LISTED RECORDS START
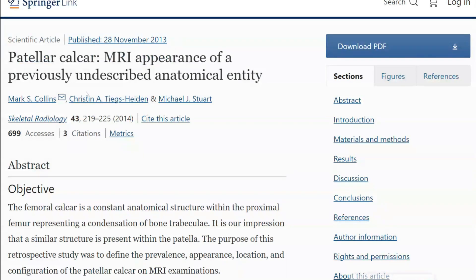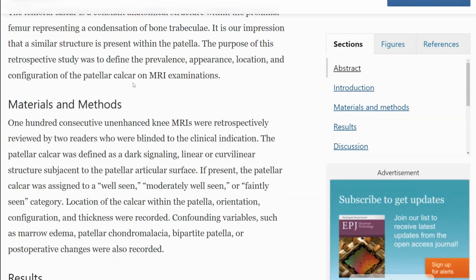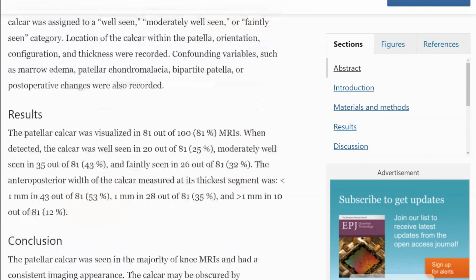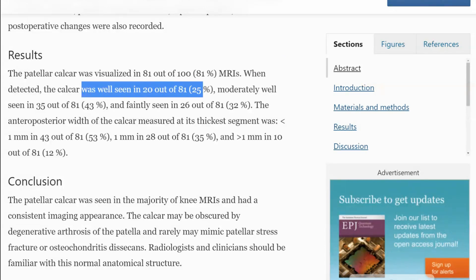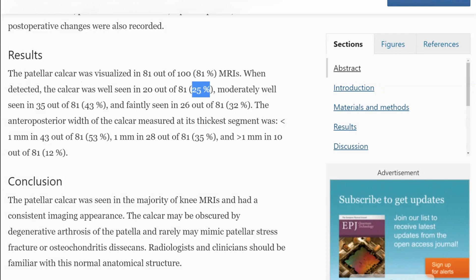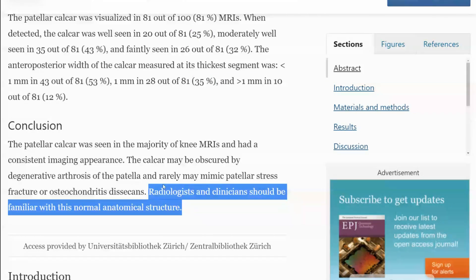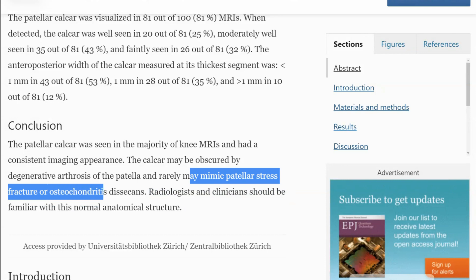Somebody realized it was there and described it. Looking at the results from the abstract: the patellar calcar was visualized in about 80% of MRIs — so you have definitely seen this. It was well seen in just about one third to one quarter of cases, about 25%. Sometimes it's very hazy and you don't see it so nicely. Very interestingly, it was always on the lateral side.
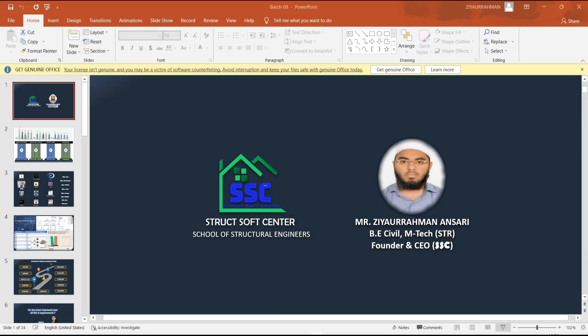First of all, it's important for you to know who I am. I'm Ziaoraman Ansari. I have a bachelor's in civil engineering and a master's in structural engineering, and I have work experience across almost all sectors. Since the last few years, I've been working as an independent design consultant and software trainer.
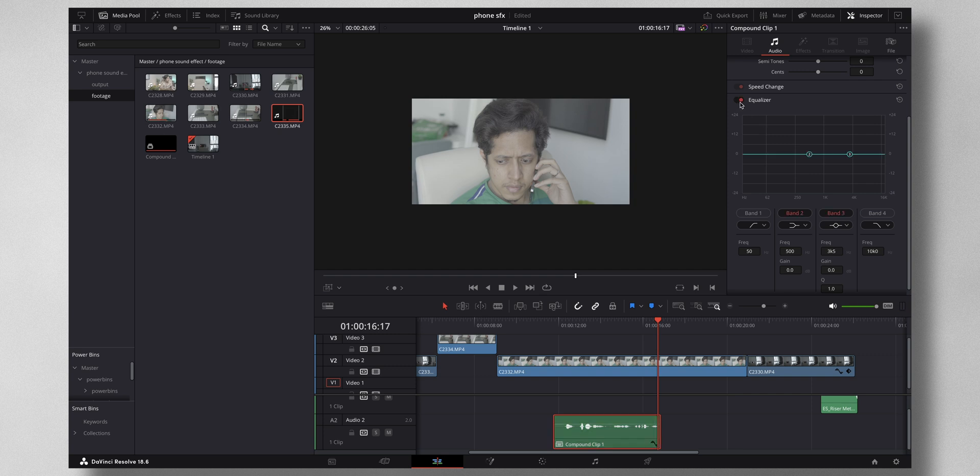So for that, first you have to do is turn on the equalizer, turn on band one and band four, and turn off band two. Then what I have to do is bring this one to 1k.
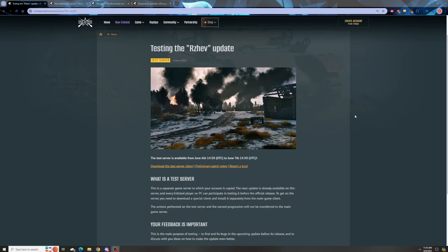Welcome back, so we have a series of new pieces of news today, some very exciting stuff and some kind of whatever stuff. Starting from the top, the test server is up for the Reshev update. I'll probably hop on there and mess around with that in a little bit.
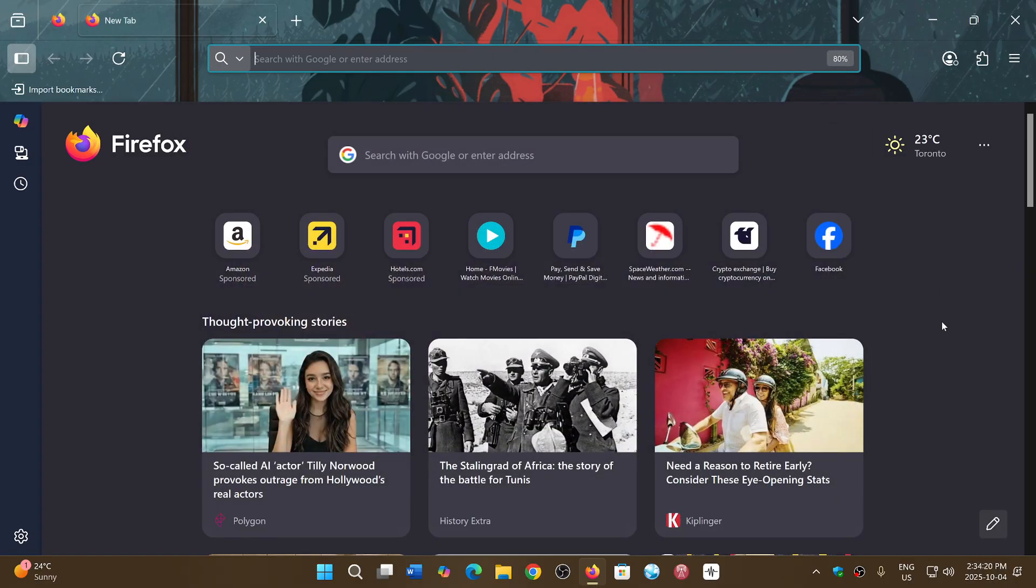So Firefox has fixed that with this update to 143.0.4. If you found that sometimes your browser didn't behave very well or was a little slow, probably the fix.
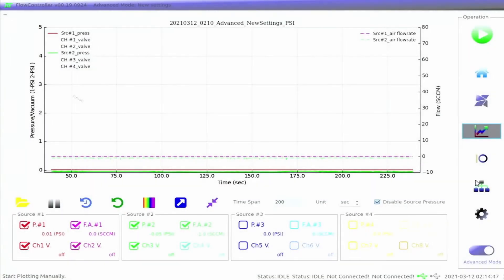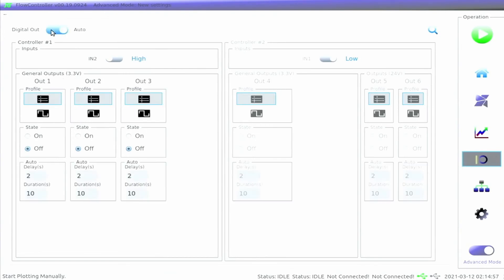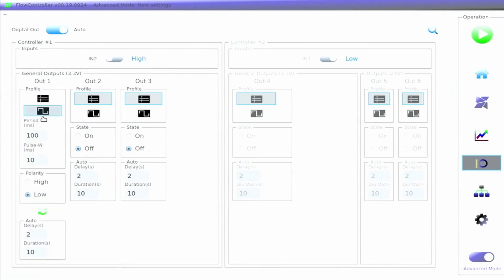Click on the digital output icon in the function zone to access the digital output page. Here, the digital output can be toggled on or off, and individual outputs can be activated by changing the state. If a wave profile is changed, then the user will also be able to adjust the period and pulse width.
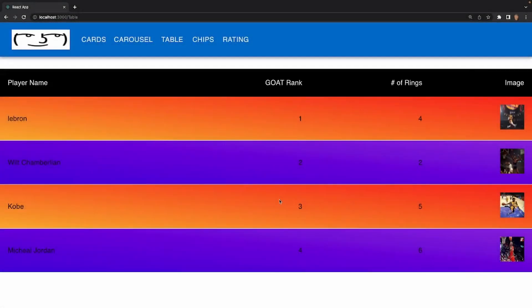How's it going everybody? Welcome back to this Material UI course. In today's video we're going to be talking about how to work with a table component in this library, and by the end of the tutorial we'll have built something like this.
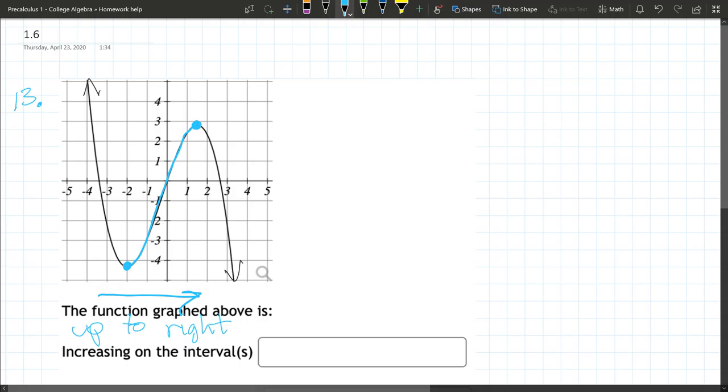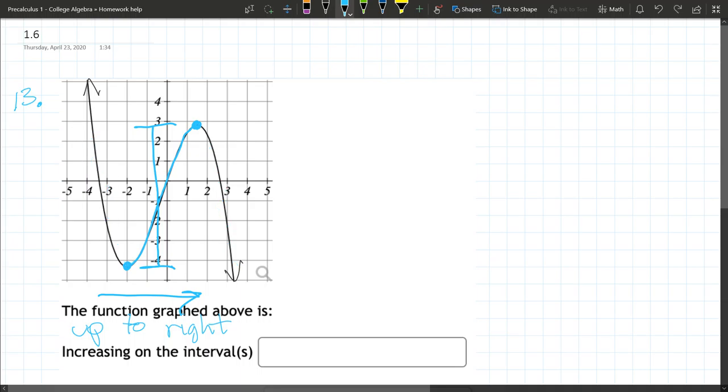So all we have to do is describe this part of the graph. We can either use x or y values. The problem with y values, if you look at the y values that we're increasing on, they also describe two other parts of the graph. So y values are not going to work because they're not unique.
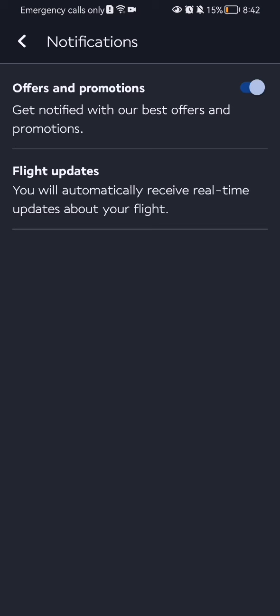Just press on it and you can see that there are two kinds of notifications here: first, the offers and promotions, and secondly, the flight updates.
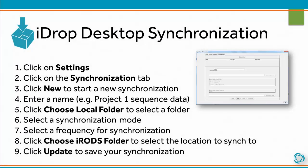iDrop Desktop supports the synchronization of folders between your local computer and the iPlant data store. To create a synchronization, click on Settings, then click on the Synchronization tab. Click New to start a new synchronization. Enter a name, for example Project One Sequence Data. Click Choose Local Folder to select a folder. Select a synchronization mode, then select a frequency for synchronization. Click Choose iRODS folder to select the location to sync to. Then, click Update to save your synchronization.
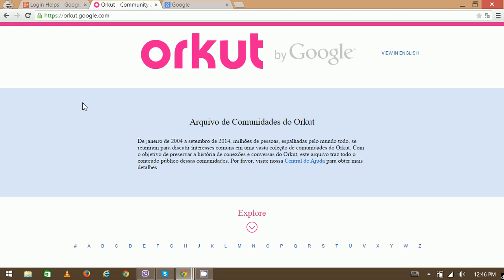Then start browsing. If you'd like to view it in English, click here. Thank you for watching.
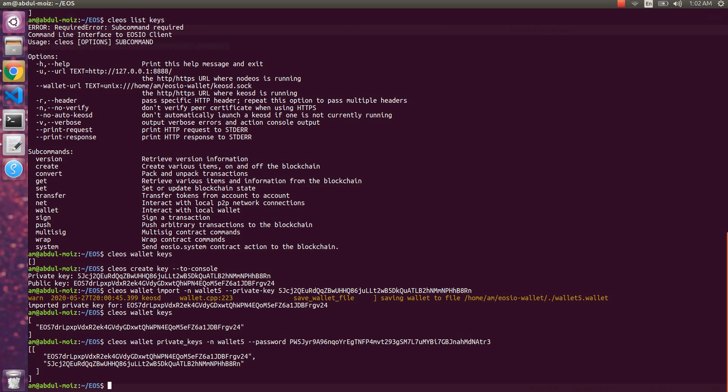Thanks for watching. This was a lesson on wallets, managing them, and managing key pairs with wallets using Cleos. In the next few lessons we will learn how to map accounts with public/private key pairs and how to import them in wallets using Cleos.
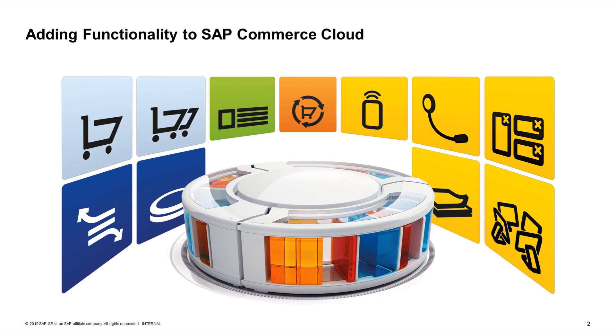You may think of extensions as LEGO building blocks, allowing the Omnicommerce experience to be extensible and customizable at any desired level.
LISTED RECORDS END
INSTRUCTIONS TO FOLLOW →
Reproduce exactly the lines above starting at the line containing "First of all, it's" and ending at the line containing "Welcome back, so", including both, but not the pictures.

RESPONSE TO THE TASK →
First of all, it's important for you to know who I am. I'm Ziaoraman Ansari. I have a bachelor's in civil engineering and a master's in structural engineering, and I have work experience across almost all sectors. Since the last few years, I've been working as an independent design consultant and software trainer.
So for that, first you have to do is turn on the equalizer, turn on band one and band four, and turn off band two. Then what I have to do is bring this one to 1k.
Welcome back, so we have a series of new pieces of news today, some very exciting stuff and some kind of whatever stuff. Starting from the top, the test server is up for the Reshev update. I'll probably hop on there and mess around with that in a little bit.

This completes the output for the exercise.